**Data provided:**
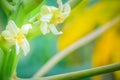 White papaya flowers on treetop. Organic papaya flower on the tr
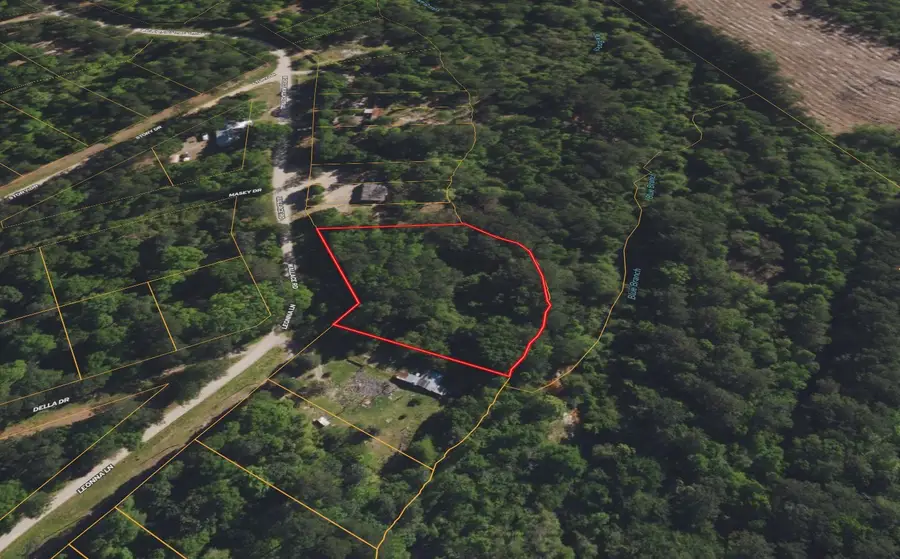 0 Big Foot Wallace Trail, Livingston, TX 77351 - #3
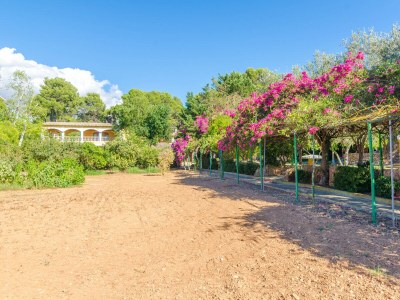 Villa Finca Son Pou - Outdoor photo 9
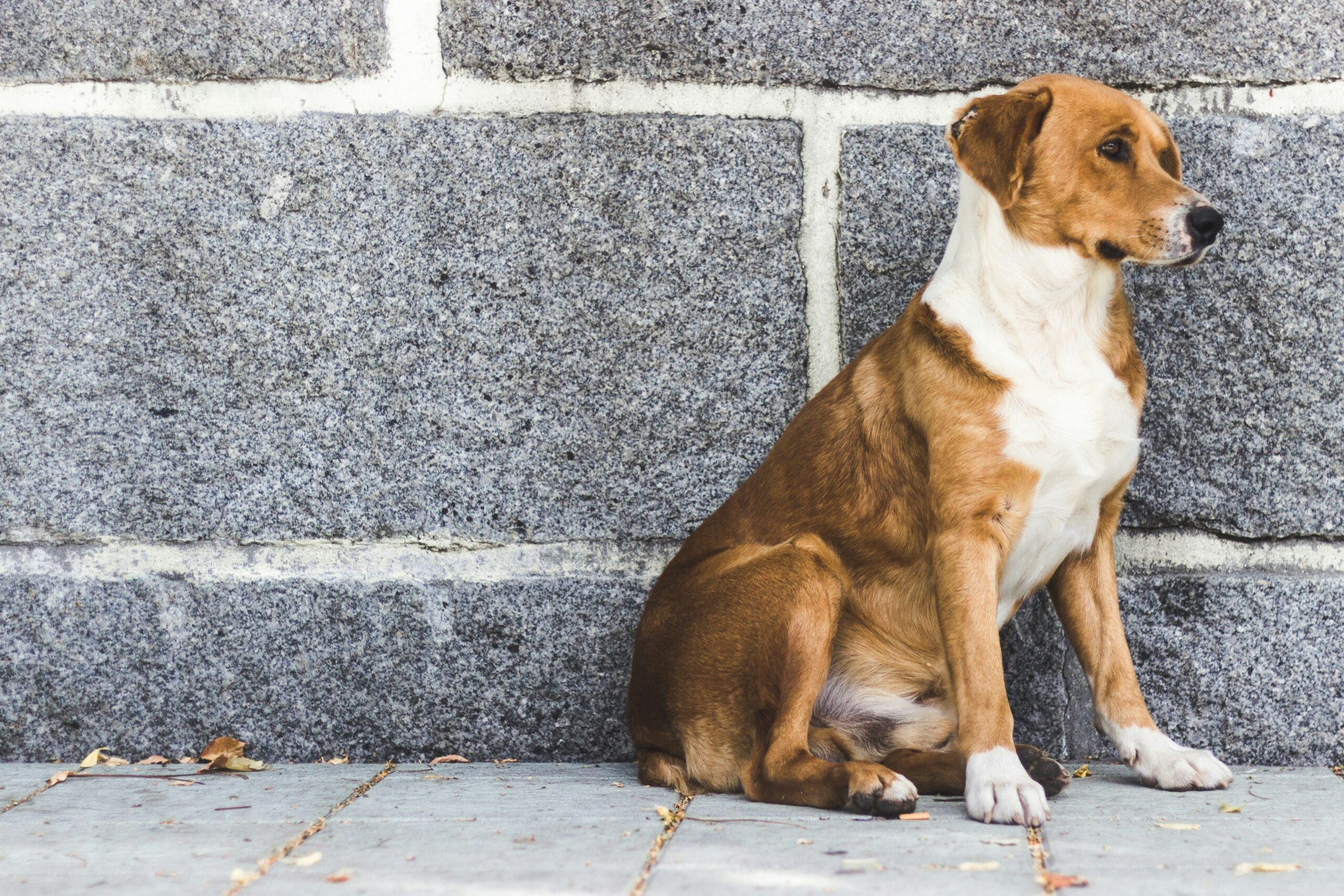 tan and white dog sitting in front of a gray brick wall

**Exercise:** An exact reproduction of the data above is required, with every picture removed.

**Completed exercise:**
 White papaya flowers on treetop. Organic papaya flower on the tr
 0 Big Foot Wallace Trail, Livingston, TX 77351 - #3
 Villa Finca Son Pou - Outdoor photo 9
 tan and white dog sitting in front of a gray brick wall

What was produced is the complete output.